What needs to be done: Return exactly the lines below, starting with the one that has "ロイヤルハイム拓勇西町Bのその他写真" and going on through the one that has "ステュシー / ナイキによるエアズームクキニの発売情報が解禁".

━━ Extracted data ━━

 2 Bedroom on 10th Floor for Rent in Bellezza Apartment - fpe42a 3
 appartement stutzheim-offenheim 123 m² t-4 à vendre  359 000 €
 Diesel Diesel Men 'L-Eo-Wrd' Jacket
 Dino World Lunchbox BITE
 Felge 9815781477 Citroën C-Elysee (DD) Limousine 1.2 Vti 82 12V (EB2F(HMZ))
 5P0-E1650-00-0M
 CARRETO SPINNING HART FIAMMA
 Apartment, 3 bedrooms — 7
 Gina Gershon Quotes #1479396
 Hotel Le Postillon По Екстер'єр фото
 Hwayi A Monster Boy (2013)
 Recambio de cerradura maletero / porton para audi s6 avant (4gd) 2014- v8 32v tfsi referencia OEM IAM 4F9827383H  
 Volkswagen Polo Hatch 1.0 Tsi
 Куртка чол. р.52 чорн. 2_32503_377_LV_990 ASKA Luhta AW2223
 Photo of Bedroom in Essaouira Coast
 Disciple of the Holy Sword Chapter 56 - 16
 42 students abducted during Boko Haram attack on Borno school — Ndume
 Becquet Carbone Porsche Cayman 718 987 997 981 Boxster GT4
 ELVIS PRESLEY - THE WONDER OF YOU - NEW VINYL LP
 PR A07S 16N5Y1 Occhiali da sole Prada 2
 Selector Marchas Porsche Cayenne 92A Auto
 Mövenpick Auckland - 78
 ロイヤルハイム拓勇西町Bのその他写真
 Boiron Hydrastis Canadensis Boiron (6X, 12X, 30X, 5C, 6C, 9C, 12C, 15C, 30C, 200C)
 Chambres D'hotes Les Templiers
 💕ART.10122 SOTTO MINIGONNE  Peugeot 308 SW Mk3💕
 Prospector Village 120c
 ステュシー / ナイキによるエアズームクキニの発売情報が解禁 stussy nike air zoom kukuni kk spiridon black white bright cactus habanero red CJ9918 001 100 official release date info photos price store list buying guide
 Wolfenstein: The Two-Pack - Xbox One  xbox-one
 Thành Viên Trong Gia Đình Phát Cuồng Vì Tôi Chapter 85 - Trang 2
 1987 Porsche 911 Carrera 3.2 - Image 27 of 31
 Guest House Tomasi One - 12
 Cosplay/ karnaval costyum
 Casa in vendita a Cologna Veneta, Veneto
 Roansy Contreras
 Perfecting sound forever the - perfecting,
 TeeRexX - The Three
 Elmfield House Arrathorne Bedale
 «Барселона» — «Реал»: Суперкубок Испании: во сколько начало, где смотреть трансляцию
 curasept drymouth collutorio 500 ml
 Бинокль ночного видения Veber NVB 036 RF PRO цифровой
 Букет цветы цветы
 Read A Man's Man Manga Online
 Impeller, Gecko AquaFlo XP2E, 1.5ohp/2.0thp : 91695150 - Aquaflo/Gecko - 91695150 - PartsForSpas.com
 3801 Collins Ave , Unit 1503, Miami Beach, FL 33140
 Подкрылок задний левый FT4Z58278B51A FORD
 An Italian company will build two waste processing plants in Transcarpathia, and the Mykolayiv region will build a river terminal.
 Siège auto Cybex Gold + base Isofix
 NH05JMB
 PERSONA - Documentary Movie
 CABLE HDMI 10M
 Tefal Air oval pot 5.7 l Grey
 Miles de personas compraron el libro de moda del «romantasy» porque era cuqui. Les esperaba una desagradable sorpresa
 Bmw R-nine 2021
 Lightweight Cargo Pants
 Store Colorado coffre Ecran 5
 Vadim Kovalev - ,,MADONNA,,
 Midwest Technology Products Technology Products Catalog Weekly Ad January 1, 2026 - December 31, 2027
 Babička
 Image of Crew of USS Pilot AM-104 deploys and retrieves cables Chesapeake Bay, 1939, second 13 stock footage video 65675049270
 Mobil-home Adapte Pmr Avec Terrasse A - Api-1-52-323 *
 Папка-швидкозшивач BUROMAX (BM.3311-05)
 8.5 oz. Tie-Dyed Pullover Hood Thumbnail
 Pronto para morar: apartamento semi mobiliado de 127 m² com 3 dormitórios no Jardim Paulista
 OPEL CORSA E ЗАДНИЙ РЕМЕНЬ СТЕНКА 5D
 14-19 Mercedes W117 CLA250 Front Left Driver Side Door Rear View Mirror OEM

━━━

Solved exercise:
 ロイヤルハイム拓勇西町Bのその他写真
 Boiron Hydrastis Canadensis Boiron (6X, 12X, 30X, 5C, 6C, 9C, 12C, 15C, 30C, 200C)
 Chambres D'hotes Les Templiers
 💕ART.10122 SOTTO MINIGONNE  Peugeot 308 SW Mk3💕
 Prospector Village 120c
 ステュシー / ナイキによるエアズームクキニの発売情報が解禁 stussy nike air zoom kukuni kk spiridon black white bright cactus habanero red CJ9918 001 100 official release date info photos price store list buying guide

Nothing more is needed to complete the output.